Zum Glück gibt es ein Werkzeug in jedem EQ Plug-In mit dem sich solche ungewolten Frequenzen entfernen lassen. Hierbei handelt es sich um einen Hi-Pass Filter (HPF) welcher tiefe Frequenzen unterhalb eines bestimmten Wertes abschneidet. Dieser etwas verwirrende Name resultiert daraus, dass er Frequenzen oberhalb einer gewählten Absenkungsfrequenz unbearbeitet durchlässt und alle unterhalb konsequent abschneidet.

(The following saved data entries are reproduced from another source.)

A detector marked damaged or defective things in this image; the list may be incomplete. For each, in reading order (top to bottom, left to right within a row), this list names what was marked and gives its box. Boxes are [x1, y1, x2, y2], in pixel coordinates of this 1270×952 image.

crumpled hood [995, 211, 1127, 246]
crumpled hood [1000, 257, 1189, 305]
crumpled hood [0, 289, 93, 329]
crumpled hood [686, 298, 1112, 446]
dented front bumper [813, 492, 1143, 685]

Aus diesem Grund als Hi-Pass Filter (manchmal auch Low-Cut Filter).

Steil abgesenkt

Ein HPF in einem Waves Renaissance Plug-In mit einem relativ flachen 'Roll Off'.

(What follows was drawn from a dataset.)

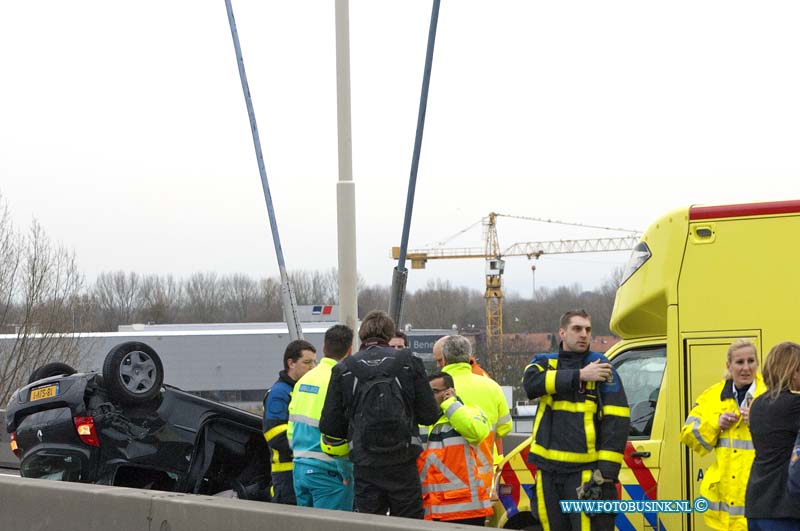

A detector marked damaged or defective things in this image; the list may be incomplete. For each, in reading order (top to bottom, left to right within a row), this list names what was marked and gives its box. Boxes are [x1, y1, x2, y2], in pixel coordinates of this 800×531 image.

overturned black car [3, 342, 272, 500]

Wenn wir sagen, dass ein Filter unterhalb einer Cutoff Frequenz (Absenkungsfrequenz) abgesenkt wird, ist damit gemeint, dass der Filter ab dieser Frequenz das Signal reduziert, dies jedoch in einem bestimmten Winkel. Bei vielen Hi-Pass Filtern lässt sich dieser so genannte Q Wert (Bandbreite) einstellen. Höhere Werte entsprechen hier immer einer steileren Absenkung.

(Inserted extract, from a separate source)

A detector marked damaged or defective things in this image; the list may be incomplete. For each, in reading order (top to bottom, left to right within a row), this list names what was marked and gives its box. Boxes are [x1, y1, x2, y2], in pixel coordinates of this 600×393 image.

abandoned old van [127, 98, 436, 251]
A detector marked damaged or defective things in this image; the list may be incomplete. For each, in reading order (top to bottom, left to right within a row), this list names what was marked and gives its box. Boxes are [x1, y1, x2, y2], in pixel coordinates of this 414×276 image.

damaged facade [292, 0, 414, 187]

Wie Ihr Euch wahrscheinlich denken könnt hängt die richtige Cutoff Frequenz vom Frequenzgang der jeweiligen Quelle ab. Ihr wollt dabei immer die Bässe abschneiden die für das zu bearbeitende Instrumente nicht benötigt werden. Dies kann am Ende nur Euer Gehör entscheiden - dennoch möchte ich Euch nachfolgend ein wenig Hilfestellung geben.

Fangt mit dem HPF an

Ich fange normalerweise mit einer grob geschätzten Einstellung und drehe während die Musik spielt an dem Filter bis ich die beste Einstellung finde. Normalerweise fange ich tiefer und bewege mich dann so lange nach oben bis die Spur zu dünn klingt. Anschliessend drehe ich den Filter wieder zurück bis es für mich richtig klingt. Ihr könnt diese Arbeit im Solo Modus durchführen, solltet aber immer darauf achten alles auch im Kontext anzuhören.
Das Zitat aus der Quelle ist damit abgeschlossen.